─── STUDY MATERIAL ───
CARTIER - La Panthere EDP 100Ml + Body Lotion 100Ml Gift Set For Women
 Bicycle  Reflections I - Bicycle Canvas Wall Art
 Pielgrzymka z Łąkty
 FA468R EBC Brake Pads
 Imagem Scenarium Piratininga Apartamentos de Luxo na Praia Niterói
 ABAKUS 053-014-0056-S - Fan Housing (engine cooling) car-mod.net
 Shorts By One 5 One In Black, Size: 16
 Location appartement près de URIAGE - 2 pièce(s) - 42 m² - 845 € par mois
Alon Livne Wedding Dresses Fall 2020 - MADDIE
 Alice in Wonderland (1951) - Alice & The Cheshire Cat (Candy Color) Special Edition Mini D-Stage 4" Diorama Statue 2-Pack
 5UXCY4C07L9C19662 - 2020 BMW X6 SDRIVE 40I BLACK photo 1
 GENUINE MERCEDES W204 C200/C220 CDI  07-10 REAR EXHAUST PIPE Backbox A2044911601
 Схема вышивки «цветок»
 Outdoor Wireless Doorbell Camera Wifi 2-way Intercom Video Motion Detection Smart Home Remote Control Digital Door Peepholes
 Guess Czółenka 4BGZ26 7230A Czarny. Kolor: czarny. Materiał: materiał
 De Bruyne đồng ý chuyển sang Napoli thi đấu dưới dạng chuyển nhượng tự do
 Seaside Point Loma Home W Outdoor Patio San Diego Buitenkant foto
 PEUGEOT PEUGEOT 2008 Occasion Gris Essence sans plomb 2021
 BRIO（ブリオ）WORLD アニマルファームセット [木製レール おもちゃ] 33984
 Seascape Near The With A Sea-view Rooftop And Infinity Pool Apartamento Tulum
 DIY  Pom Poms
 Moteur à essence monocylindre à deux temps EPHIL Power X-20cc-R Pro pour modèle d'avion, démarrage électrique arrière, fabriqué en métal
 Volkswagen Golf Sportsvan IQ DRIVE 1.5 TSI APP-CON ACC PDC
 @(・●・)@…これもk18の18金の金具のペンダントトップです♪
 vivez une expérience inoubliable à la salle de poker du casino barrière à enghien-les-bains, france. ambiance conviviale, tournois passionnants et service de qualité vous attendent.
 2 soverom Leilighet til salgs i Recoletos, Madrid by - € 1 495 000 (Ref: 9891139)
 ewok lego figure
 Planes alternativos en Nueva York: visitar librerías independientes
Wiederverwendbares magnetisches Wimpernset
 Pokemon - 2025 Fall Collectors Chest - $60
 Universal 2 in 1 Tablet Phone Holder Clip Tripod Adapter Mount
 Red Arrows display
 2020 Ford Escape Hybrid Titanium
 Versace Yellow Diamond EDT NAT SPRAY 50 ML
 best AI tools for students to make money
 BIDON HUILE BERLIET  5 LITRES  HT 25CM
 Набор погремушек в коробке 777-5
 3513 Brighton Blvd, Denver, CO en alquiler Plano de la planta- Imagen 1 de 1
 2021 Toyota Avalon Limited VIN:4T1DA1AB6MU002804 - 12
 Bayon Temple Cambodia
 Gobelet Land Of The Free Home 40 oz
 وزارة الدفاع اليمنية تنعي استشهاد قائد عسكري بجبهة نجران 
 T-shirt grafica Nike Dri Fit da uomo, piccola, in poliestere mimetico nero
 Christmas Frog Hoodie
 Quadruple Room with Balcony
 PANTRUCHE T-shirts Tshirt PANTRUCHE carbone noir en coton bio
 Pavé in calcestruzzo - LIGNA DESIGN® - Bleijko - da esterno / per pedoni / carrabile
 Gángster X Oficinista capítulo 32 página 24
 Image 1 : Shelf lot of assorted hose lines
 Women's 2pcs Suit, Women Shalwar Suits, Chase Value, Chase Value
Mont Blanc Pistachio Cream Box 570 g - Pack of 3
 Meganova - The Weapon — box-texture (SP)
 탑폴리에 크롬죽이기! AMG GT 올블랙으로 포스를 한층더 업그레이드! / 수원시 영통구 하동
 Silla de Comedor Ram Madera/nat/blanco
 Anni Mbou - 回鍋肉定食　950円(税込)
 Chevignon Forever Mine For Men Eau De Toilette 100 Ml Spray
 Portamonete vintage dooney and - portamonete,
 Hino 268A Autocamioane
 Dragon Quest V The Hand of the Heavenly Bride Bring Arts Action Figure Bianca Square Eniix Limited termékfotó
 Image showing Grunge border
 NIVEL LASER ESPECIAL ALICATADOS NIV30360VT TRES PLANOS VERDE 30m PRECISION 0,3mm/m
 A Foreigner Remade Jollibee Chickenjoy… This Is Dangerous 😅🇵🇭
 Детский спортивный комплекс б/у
───
» TASK INSTRUCTIONS
Select every line above that contains the word "Outdoor", and copy it.

» TASK ANSWER
 Outdoor Wireless Doorbell Camera Wifi 2-way Intercom Video Motion Detection Smart Home Remote Control Digital Door Peepholes
 Seaside Point Loma Home W Outdoor Patio San Diego Buitenkant foto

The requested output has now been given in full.